» Task details
Copy, without a single change, each line from the one that holds "Bálsamo Labial Nuxe" to the bottom of the entries below, and drop any pictures.

(Supplied material Opens)

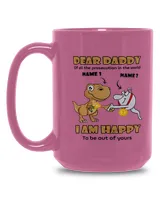 White Mug 15oz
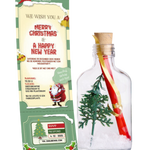 Message in a Bottle - Kerstfeest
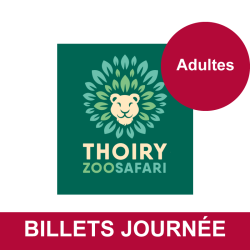 Zoo de Thoiry - Billets...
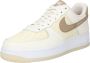 Nike Air Force 1 Low '07 LV8 Coconut Milk Khaki Sneakers Unisex Doos Zonder Deksel - Thumbnail 1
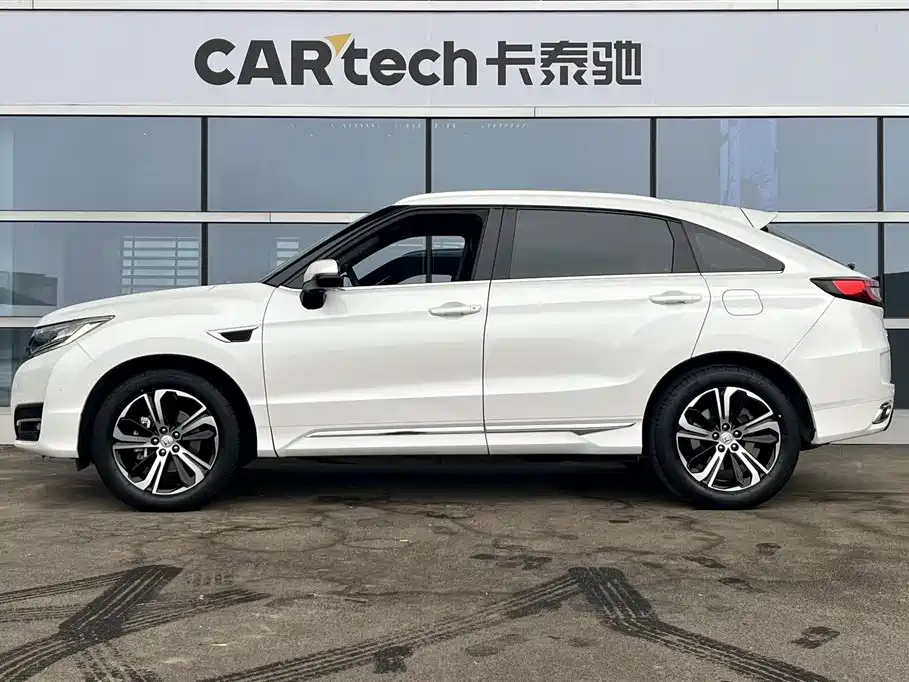 Honda UR-V 2019 — фото 5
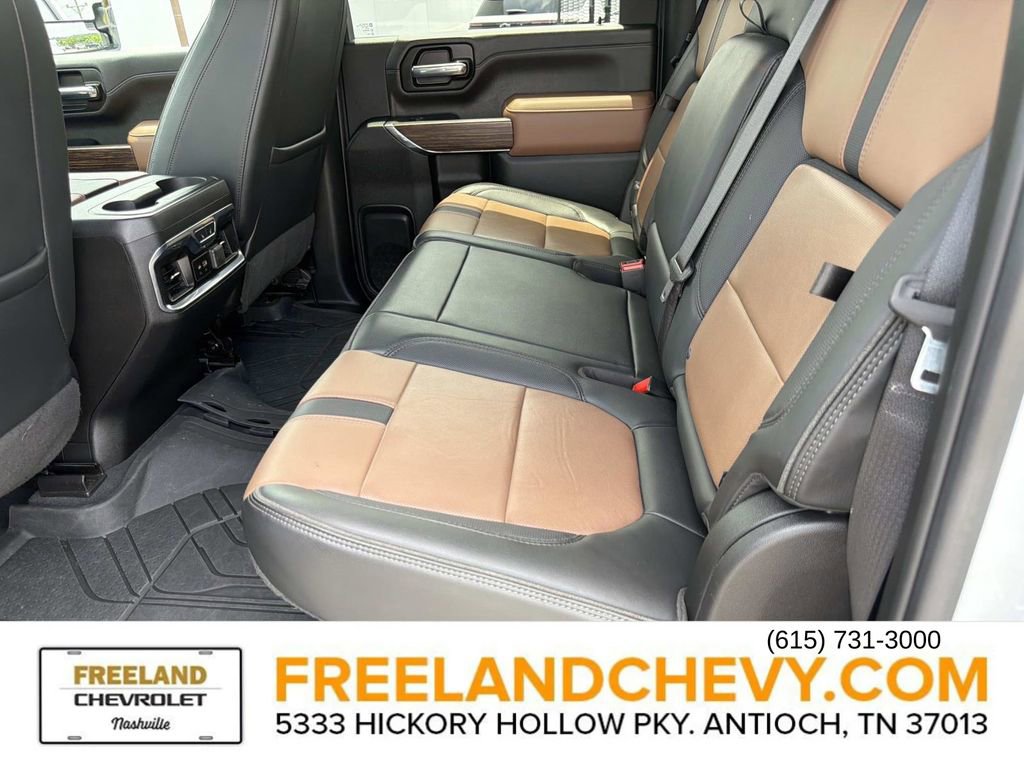 Used 2023 Chevrolet Silverado 3500 High Country AWD/4WD image 16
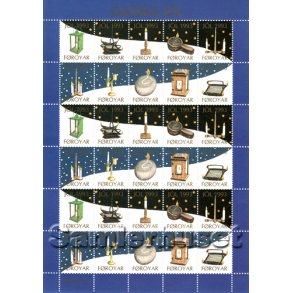 Frerne Julemrkeark 1993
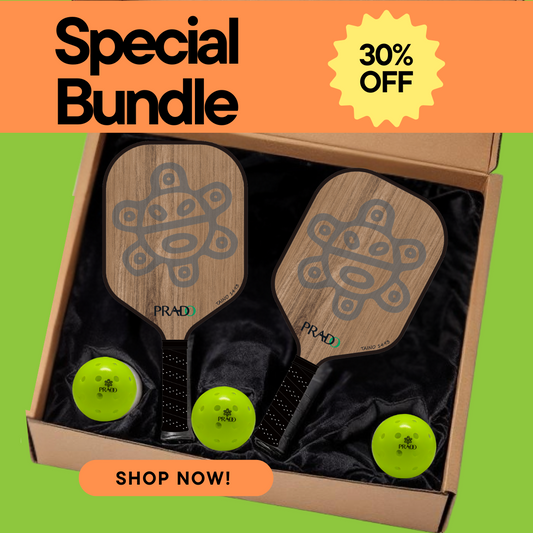 Prado Pickleball Bundle 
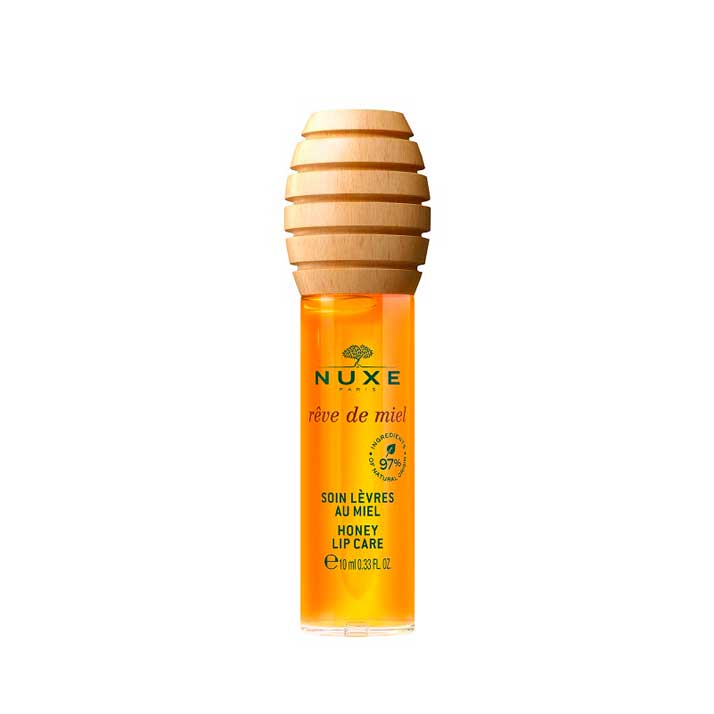 Bálsamo Labial Nuxe Reve De Miel 10Ml - Nutre y Sublima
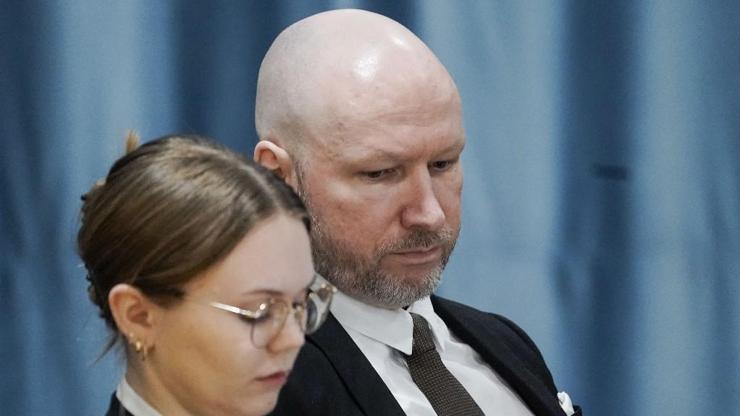 77 kişinin katili Breivik, ‘insan haklarını’ hatırladı: Yalnızlıktan şikayet edip, dava açtı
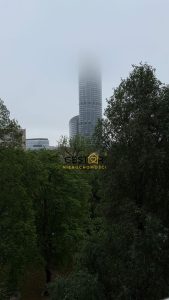 🏙️✨ Mieszkanie z widokiem na Sky Tower – Wrocław, ul. Gajowicka ✨🏙️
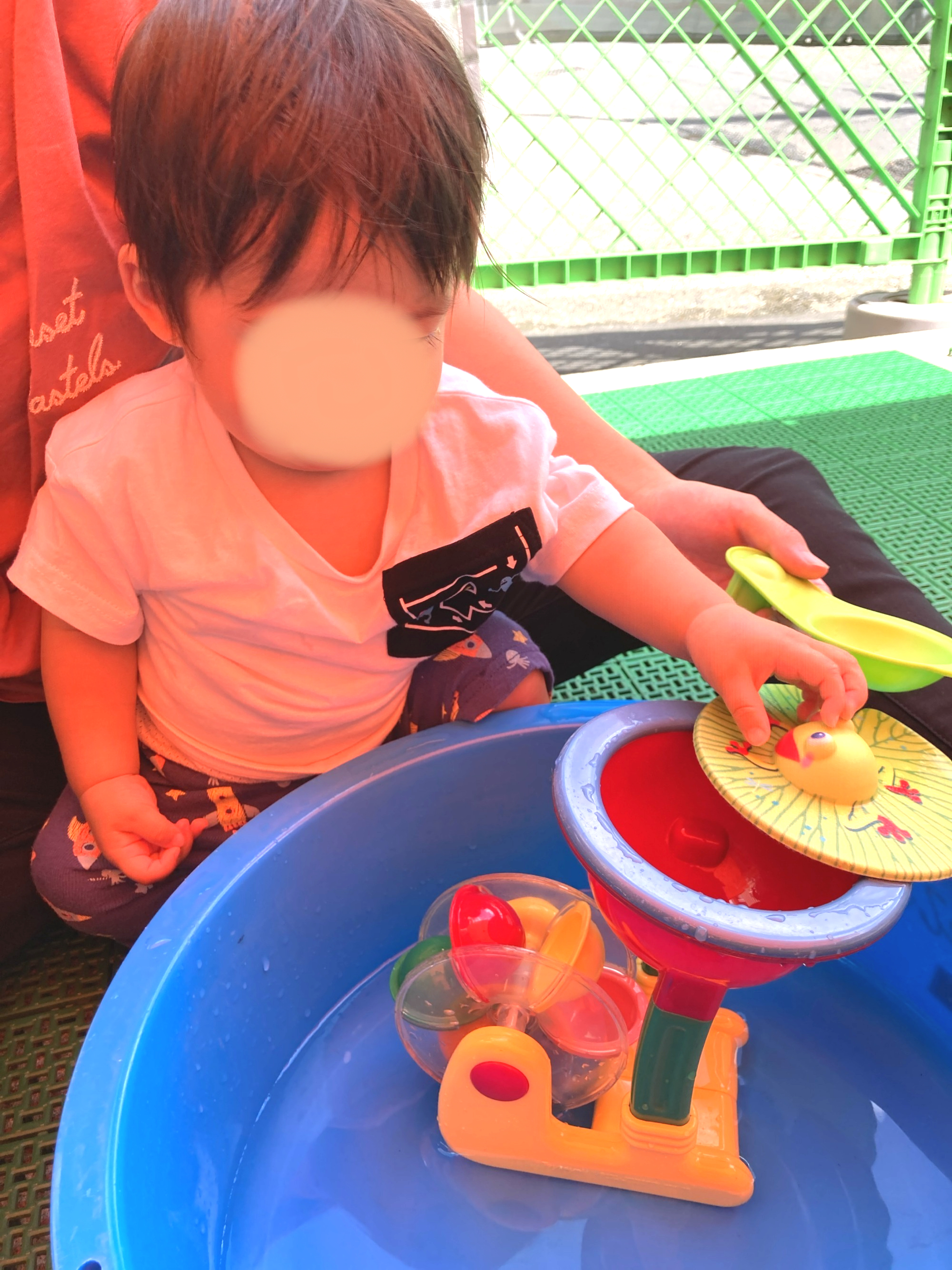 ☆金魚すくいコーナー☆
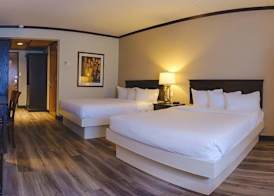 Hotel Le Montagnais 4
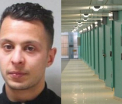 Cum arata celula in care este inchis Salah Abdeslam. La sosirea sa, unii detinuti au scandat "Traiasca Statul Islamic"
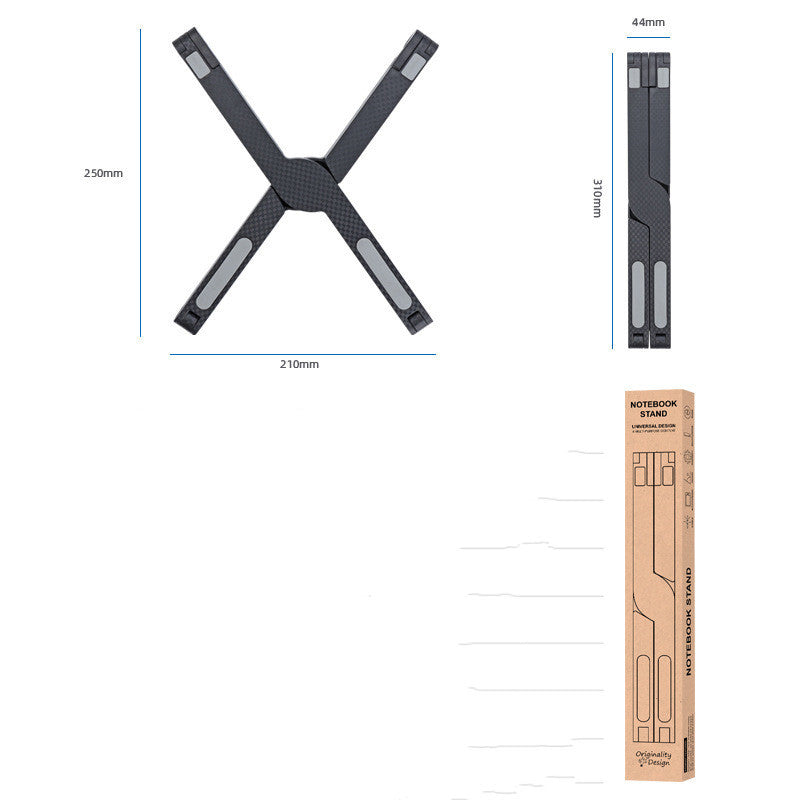 Desktop Lifting Cooling n3 Bracket - Arovion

(Supplied material Closes)

» The answer
 Bálsamo Labial Nuxe Reve De Miel 10Ml - Nutre y Sublima
 77 kişinin katili Breivik, ‘insan haklarını’ hatırladı: Yalnızlıktan şikayet edip, dava açtı
 🏙️✨ Mieszkanie z widokiem na Sky Tower – Wrocław, ul. Gajowicka ✨🏙️
 ☆金魚すくいコーナー☆
 Hotel Le Montagnais 4
 Cum arata celula in care este inchis Salah Abdeslam. La sosirea sa, unii detinuti au scandat "Traiasca Statul Islamic"
 Desktop Lifting Cooling n3 Bracket - Arovion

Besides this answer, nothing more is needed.